● How to complete this task
Look below for the line containing "15 Lillian St, Pittsfield, MA"; from there, print each line exactly up to and including the line containing "Málaga: 2h Walking", and stop.
= Beginning of Section =
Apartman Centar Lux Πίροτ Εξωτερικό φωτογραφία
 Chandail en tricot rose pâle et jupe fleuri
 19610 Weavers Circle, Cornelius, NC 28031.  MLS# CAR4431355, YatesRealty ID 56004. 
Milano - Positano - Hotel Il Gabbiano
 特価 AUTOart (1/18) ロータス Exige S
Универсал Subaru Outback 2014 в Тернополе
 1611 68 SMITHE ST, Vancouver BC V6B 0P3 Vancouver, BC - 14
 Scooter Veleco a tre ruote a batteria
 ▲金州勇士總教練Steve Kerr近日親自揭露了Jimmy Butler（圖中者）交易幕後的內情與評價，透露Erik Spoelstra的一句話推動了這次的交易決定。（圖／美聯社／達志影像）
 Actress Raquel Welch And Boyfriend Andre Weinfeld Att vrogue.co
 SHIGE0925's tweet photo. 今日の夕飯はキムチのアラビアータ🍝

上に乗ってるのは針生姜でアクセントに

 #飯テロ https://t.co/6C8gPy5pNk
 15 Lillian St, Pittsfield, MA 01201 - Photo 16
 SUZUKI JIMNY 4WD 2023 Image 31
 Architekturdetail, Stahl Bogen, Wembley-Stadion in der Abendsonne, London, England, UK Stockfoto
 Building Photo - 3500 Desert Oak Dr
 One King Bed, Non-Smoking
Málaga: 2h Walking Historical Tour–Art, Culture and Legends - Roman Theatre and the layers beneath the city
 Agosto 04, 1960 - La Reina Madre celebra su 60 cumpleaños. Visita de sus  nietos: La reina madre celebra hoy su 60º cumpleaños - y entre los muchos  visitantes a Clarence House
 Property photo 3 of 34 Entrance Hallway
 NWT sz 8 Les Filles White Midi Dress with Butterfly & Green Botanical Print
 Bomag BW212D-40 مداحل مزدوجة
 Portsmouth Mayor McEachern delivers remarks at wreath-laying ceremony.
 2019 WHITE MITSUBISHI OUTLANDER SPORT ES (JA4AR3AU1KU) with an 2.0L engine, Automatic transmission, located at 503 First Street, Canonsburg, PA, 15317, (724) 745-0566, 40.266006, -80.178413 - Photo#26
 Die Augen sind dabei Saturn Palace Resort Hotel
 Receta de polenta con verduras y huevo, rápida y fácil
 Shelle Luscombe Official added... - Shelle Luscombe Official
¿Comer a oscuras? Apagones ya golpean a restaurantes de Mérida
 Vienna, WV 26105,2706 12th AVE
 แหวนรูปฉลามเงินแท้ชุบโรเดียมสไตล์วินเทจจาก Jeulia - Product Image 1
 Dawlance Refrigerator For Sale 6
= End of Section =
● Result for this task
 15 Lillian St, Pittsfield, MA 01201 - Photo 16
 SUZUKI JIMNY 4WD 2023 Image 31
 Architekturdetail, Stahl Bogen, Wembley-Stadion in der Abendsonne, London, England, UK Stockfoto
 Building Photo - 3500 Desert Oak Dr
 One King Bed, Non-Smoking
Málaga: 2h Walking Historical Tour–Art, Culture and Legends - Roman Theatre and the layers beneath the city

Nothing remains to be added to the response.